# Drains and Vents in a Unique Concept House (long post)



## Robert Ellenberg (Jun 17, 2010)

I have built and designed houses for over 30 years and have always studied the codes—except plumbing.  I have relied on the plumber who was doing the work to properly size and run the DWV system and I had very limited knowledge of how or why it needed to be a certain way.

For the past 3-4 years I have been working part time designing a unique concept “kit” house.  The plans (intent) is to have the structure pre assembled as weather tight modules and include all materials needed to complete the house, pre sell them and ship them to different parts of the country.  That means that in many jurisdictions they will need to exceed the IRC standards.  I am working on the designs for the plumbing DWV systems so over the past few months I have been studying in an effort to gain the knowledge needed to design them to meet the strictest codes.

I have come up with an unusual way to tie the vents together and I believe it meets the codes, but because I can’t find anything quite like it to compare it to—I am not sure.  My question relates to how I propose to run the vents in regards to some unique features of the designs.  These are small one story homes with conditioned crawl spaces (no slabs) with one or two baths.  To increase the usable interior volume, most of the interior partitions will be unique prebuilt panels only 2.5” thick—not enough for drains or vents in most of the walls.  We will thicken them or make a chase where necessary to run vents up.  However, they cannot be tied together above the ceiling line for a single exit through the roof because the flat ceiling-roof structure will be filled solid with foam (no attic or space of any kind) and we don’t want a roof peppered with numerous vents.

I want to try and explain how we intend to do it and I would like to know if it sounds as if it meets all of the codes relating to drains and vents.
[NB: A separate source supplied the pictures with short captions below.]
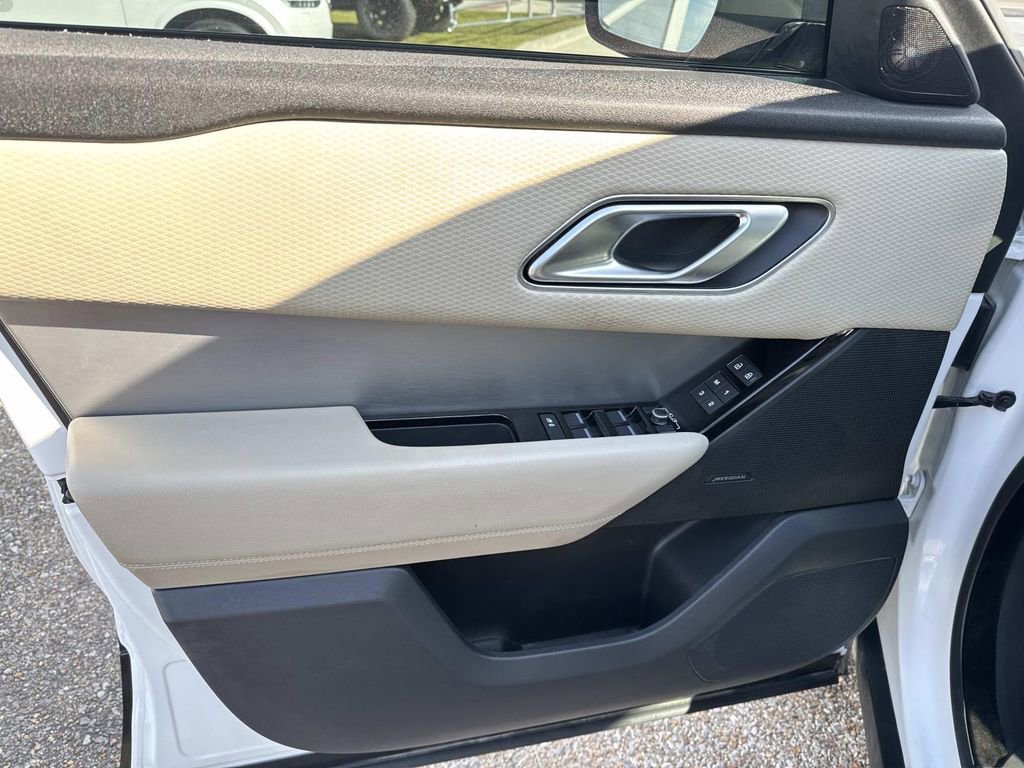 Used 2021 Land Rover Range Rover Velar R-Dynamic S image 21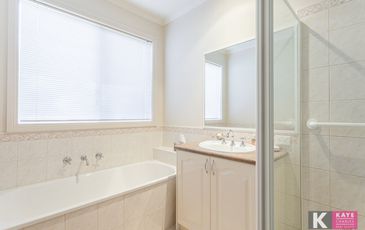39 Grange Circuit, Beaconsfield
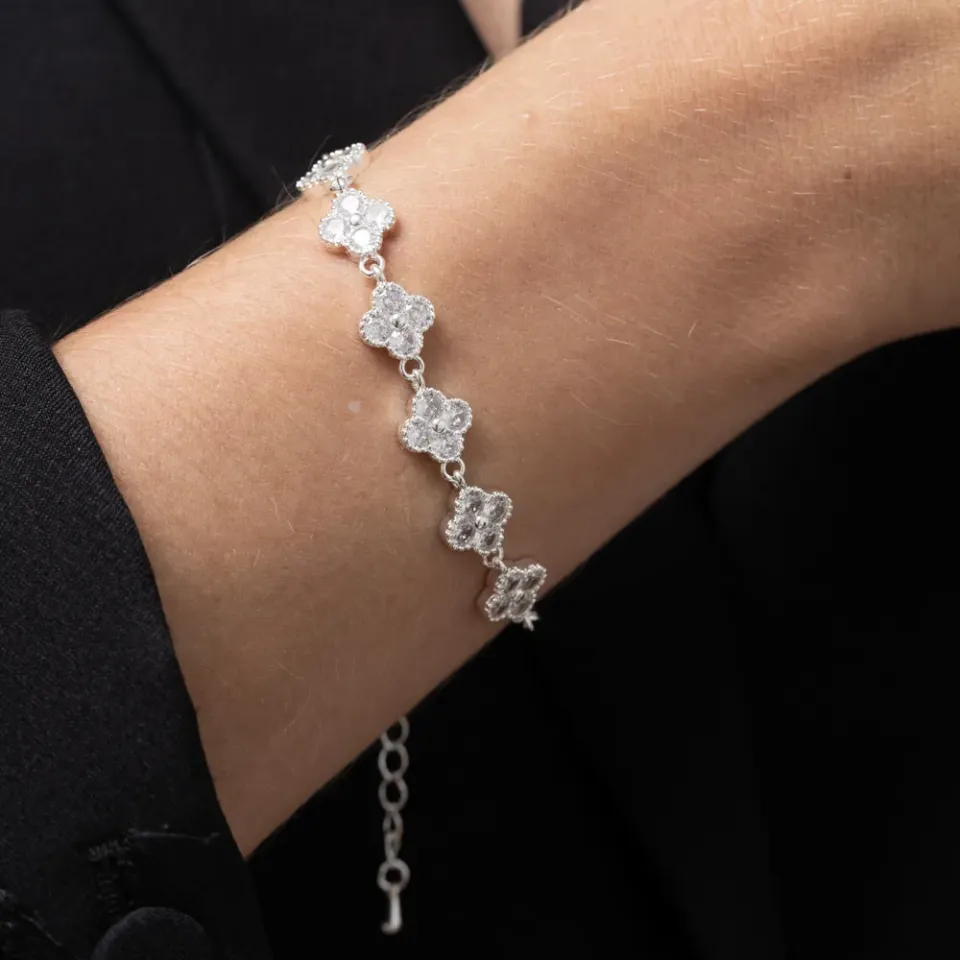 PULSEIRA VIRGINIA CRAVEJADA BANHO PRATA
My question only relates to routing as I know you can’t comment on pipe sizing etc., without more information.

The tub and shower drains and traps will be in the crawl space.  I want to take the sinks and laundry stand pipe through their traps in the cabinets and drop the drains straight through the floor (is this permitted as long as the trap is close enough to the bottom of the sink drain?).  Under the house, take all of the properly sloping drains under the floor from the individual fixtures and tie them into a main horizontal drain pipe that is sized correctly and has the toilets tied in as well.    The high end of that main drain would be a 3” pipe with a sweep and clean out plug and the sweep turns upward taking a 3” vent up a chase and through the roof.  We will then have an individual vent pipe connected to each drain line within the crawl space, connected to the top centerline within the prescribed distance from the fixture trap, immediately going into a 90 bend and sloping upward at ¼” /foot (under the floor in the crawl space), all converging on the chase where the 3” vent from the end of the drain goes up through the roof.  Turn the vent pipes up inside the chase (90 turn upward) and take the individual vents up to a height at least 6” above the flood rim of the fixture they serve and tie them into the 3” vent.  Here is another way to explain it:  you normally take individual vents up to the attic, make a 90 and take them on an upward slope of 1/4"/foot to where they tie in to the large vent pipe and exit the roof.  I am proposing to do it in a similar way except run them under the floor instead of in the attic over to the chase and then get them above the fixture rim flood height before tying them into the 3" vent that exits through the roof.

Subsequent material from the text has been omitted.